The optical principles of the camera were described over a millennium ago. That’s almost 32 billion seconds, or, to use the metric prefix, 32 gigaseconds.
The word television was coined in 1900, more than a century, or about 3.2 gigaseconds, ago. The camcorder was introduced in 1981, a little over a score of years ago, or roughly 700 megaseconds (million seconds).
Sony introduced Digital Betacam, the first component-digital camcorder format, a decade, or roughly 316 megaseconds, ago. The camcorder format with the smallest videotape cassette, MicroMV, was introduced about 20 months (some 52 megaseconds) ago.
Like those of other American-standard camcorders, each frame from a MicroMV image lasts about 33 milliseconds (thousandths of a second). Each scanning line lasts about 64 microseconds (millionths of a second). A single digital-component picture element (pixel), sampled according to International Telecommunications Union recommendation BT.601 (the basic digital-component video standard), lasts just about 74 nanoseconds (billionths of a second). A single wave of the light that entered a camera lens to create that pixel might take just 1.33 femtoseconds (thousandths of trillionths of a second) to go through its cycle.
The metric system offers pico- between nano- and femto- to represent trillionths, and, beyond femto-, atto- to represent millionths of trillionths. A parsec is a vast astronomical distance that would take light in a vacuum more than three years to traverse; an attoparsec is a little over an inch.

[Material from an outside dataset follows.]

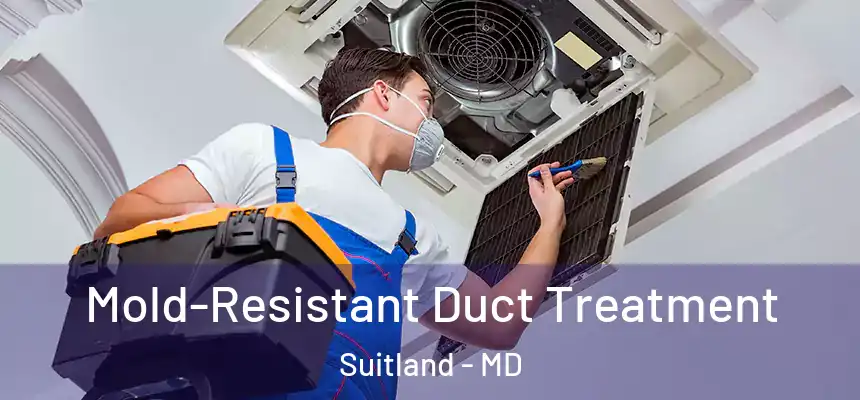  Mold-Resistant Duct Treatment Suitland - MD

We measure tape speeds in the U.S. in inches per second; almost the same figures would apply to attoparsecs per microfortnight.
A need for prefixes beyond even millionths of trillionths led the 19th General Conference on Weights and Measures to add more in 1990. Atto- is the prefix representing a thousand to the negative sixth power, so the committee considered using the Latin septo- to represent the negative seventh power (billionths of trillionths) and octo- for the negative eighth.

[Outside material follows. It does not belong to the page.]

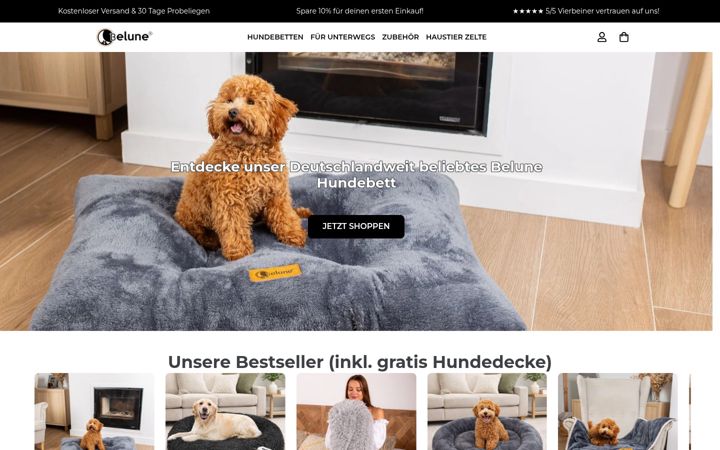 Screenshot of belune.de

Unfortunately, someone might think an octosecond is eight seconds or an eighth of a second rather than a trillionth of a trillionth of a second, and the resulting abbreviations were also thought confusing (ss, for example, for septosecond), so the prefixes were modified slightly. A billionth of a trillionth is zepto-; yocto- is a trillionth of a trillionth. That way, future prefix abbreviations can work their way backwards through the alphabet.

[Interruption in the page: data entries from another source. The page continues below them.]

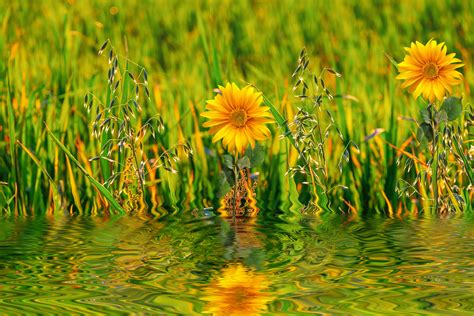Flower Reflected In The Water By Susanlu4esm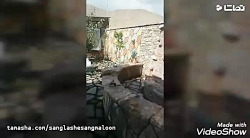 نصب سنگ لاشه سنگ مالون سنگ کوه...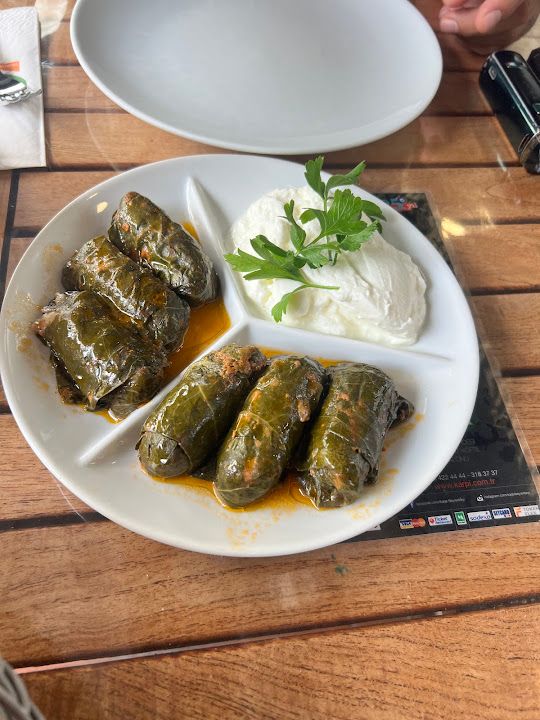 Fotoğraf 45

The scientists at the 19th General Conference seem to have thought of everything — except the Marx Brothers. Zepto- is pretty close to Zeppo. By 1993, harpo- was suggested (humorously) as the prefix representing a thousand to the negative ninth power and groucho- as the one for the negative tenth. If chico- and gummo- came next, quantities as small as trillionths of trillionths of trillionths could be easily described.
One gummosecond, therefore, would be a time interval so short that, if you had a trillion of them, they’d still take up only 0.000000000000000000000001 seconds. Some, however, would argue that an onosecond is even shorter. An onosecond is typically defined as the amount of time between hitting the Enter key on a computer and realizing that you didn’t really want to do that (“Oh, no!”).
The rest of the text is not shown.